My main local model is Qwen3.5 9B at Q4 quantisation via MLX. I ran a formal benchmark on the larger Qwen3 14B to find out whether more parameters at the same quantisation level were worth the trade-off in speed and RAM.
Short answer: yes, with caveats.
The test setup
- Hardware: Mac Mini M4, 24GB unified memory, Apple Silicon neural engine
- Framework: MLX — Apple's machine learning framework, native to Apple Silicon
- Model: Qwen3 14B, MLX-converted, Q4 quantisation
- Metrics: tokens per second (throughput), time to first token (TTFT), RAM usage during inference
This isn't a synthetic benchmark on a test cluster. It's what the model actually does on the machine that runs my full automation stack, with other background jobs alive.
The results
| Metric | Result |
|---|---|
| Average throughput | 10.68 tokens/second |
| Time to first token | 0.764 seconds |
| RAM usage (inference) | ~10GB |
For comparison: Qwen3.5 9B at Q4 runs at around 15–18 t/s in my experience, using 6–7GB RAM. The 14B gives roughly 40% more parameters at a 35–40% speed cost, with 3–4GB more RAM.

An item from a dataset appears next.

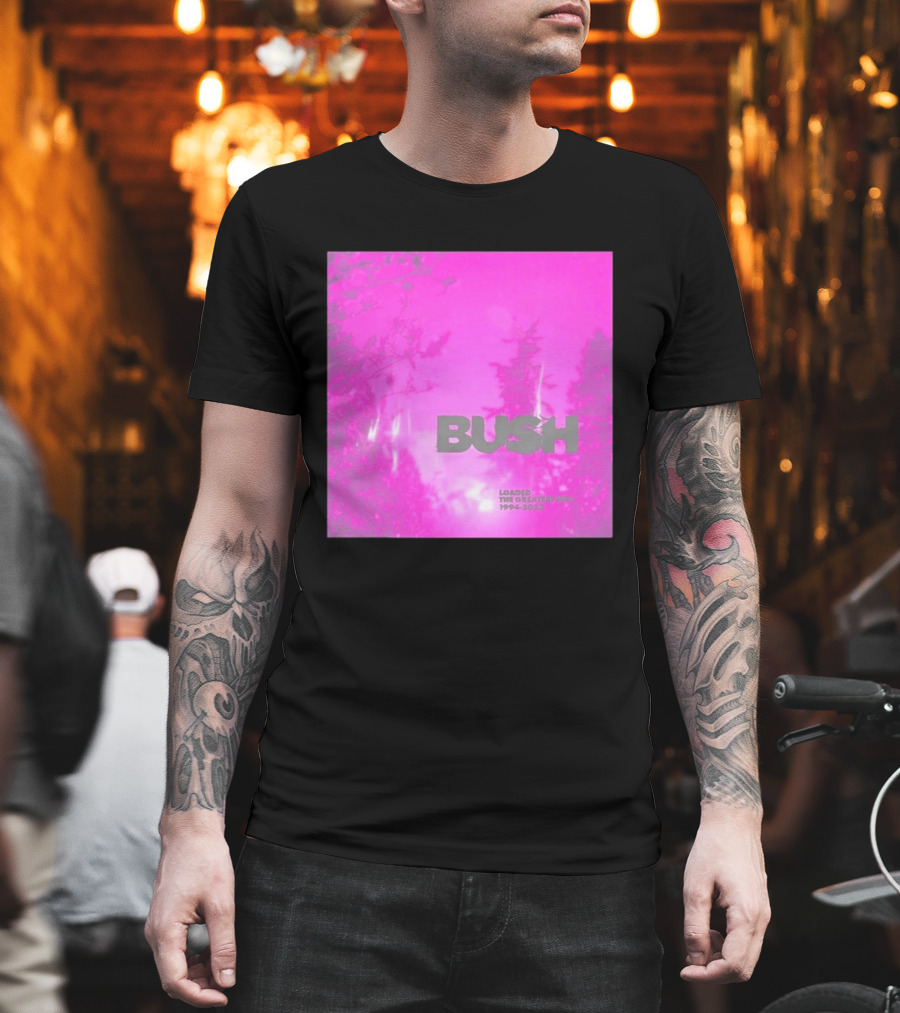 Bush Loaded The Greatest Hits 1994 2023 Pink Album Cover T-Shirt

What these numbers mean in practice
10.68 t/s for a 500-word response is about 47 seconds end-to-end. Slower than cloud for interactive use — but not painfully slow for draft-and-revise workflows where you're reading while the model is still writing.
The 0.764s TTFT is the more important number for how the model feels. Under a second to first token means it doesn't feel stuck when you submit. That threshold matters psychologically — anything over a second starts to feel like a loading spinner.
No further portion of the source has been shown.